Livres - BD

Évoquer la complexité de la vie paysanne est un thème assez fréquent dans la littérature italienne. S’il n’est pas sans rappeler la grande tradition "vériste" du XIXe s. - dont le Catanais Giovanni Verga fut le chantre -, il trouve encore volontiers "matière", de nos jours, dans le marasme social des régions méridionales : que l’on pense à la Sicile d’Andrea Camilleri, à la Sardaigne de Milena Agus et de Marcello Fois ou bien encore à la Naples d’Anna Maria Ortese

À l’encontre de ces écrivains, et comme pour détourner les habitudes de lecture, c’est en Toscane qu’Anna Luisa Pignatelli a choisi d’ancrer son roman au titre explicite "Noir toscan". De fait, sa Toscane est sombre, dépouillée de tous ses trésors artistiques et même de ses somptueux paysages qui illuminent les clichés touristiques. On en oublie presque la proximité de Monte Oliveto Maggiore ou l’étrange beauté des "crete senesi" (crêtes siennoises), si proches, pour ne retenir de cette région que l’aspect désolé des alentours du désert d’Accona (ce fameux paysage que l’on trouve sur les fresques d’Ambrogio Lorenzetti - "Effets du bon et du mauvais gouvernement à la ville et à la campagne" - au Palazzo Pubblico de Sienne). La romancière présente ainsi une contrée inhospitalière, dont les habitants - au niveau de vie lamentable - se montrent rudes et âpres, pleins de préjugés Quant au héros, homme solitaire et ombrageux, il vient du sud et a trimé de nombreuses années pour acheter la ferme de Rofanello. Gagner son pain en travaillant la terre, c’est son choix, sa vocation. Pour les gens du cru, il reste néanmoins un étranger regardé avec hostilité; ils l’ont surnommé Noir.

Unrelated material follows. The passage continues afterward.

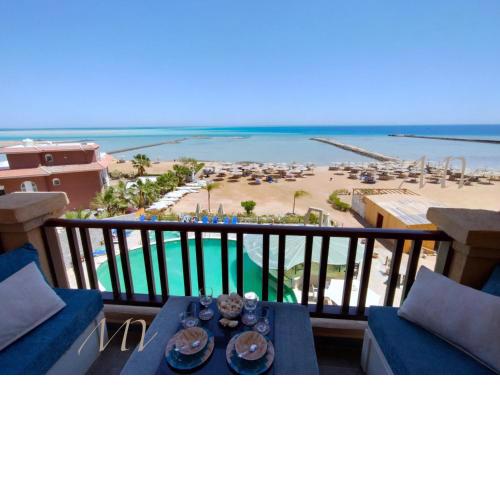 Exclusive Sea View Suite & Charming Apartment with Beach and Pools
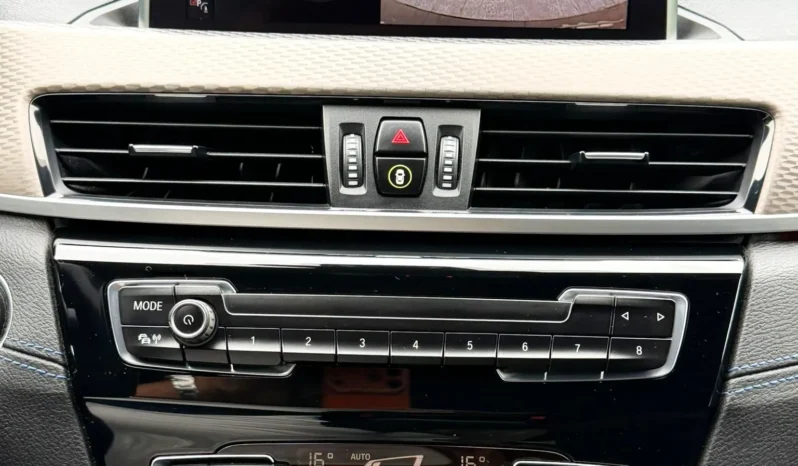 
								BMW X2 16 d sDrive Auto Pack M full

Le lecteur se trouve plongé dans l’Italie rurale et violente de l’après-guerre, au moment de la "disparition des lucioles", selon la métaphore créée par Pasolini dans un article célèbre, pour incarner le changement brutal qui a précipité le pays dans la société de consommation en détruisant le paysage et en occasionnant une perte de mémoire populaire.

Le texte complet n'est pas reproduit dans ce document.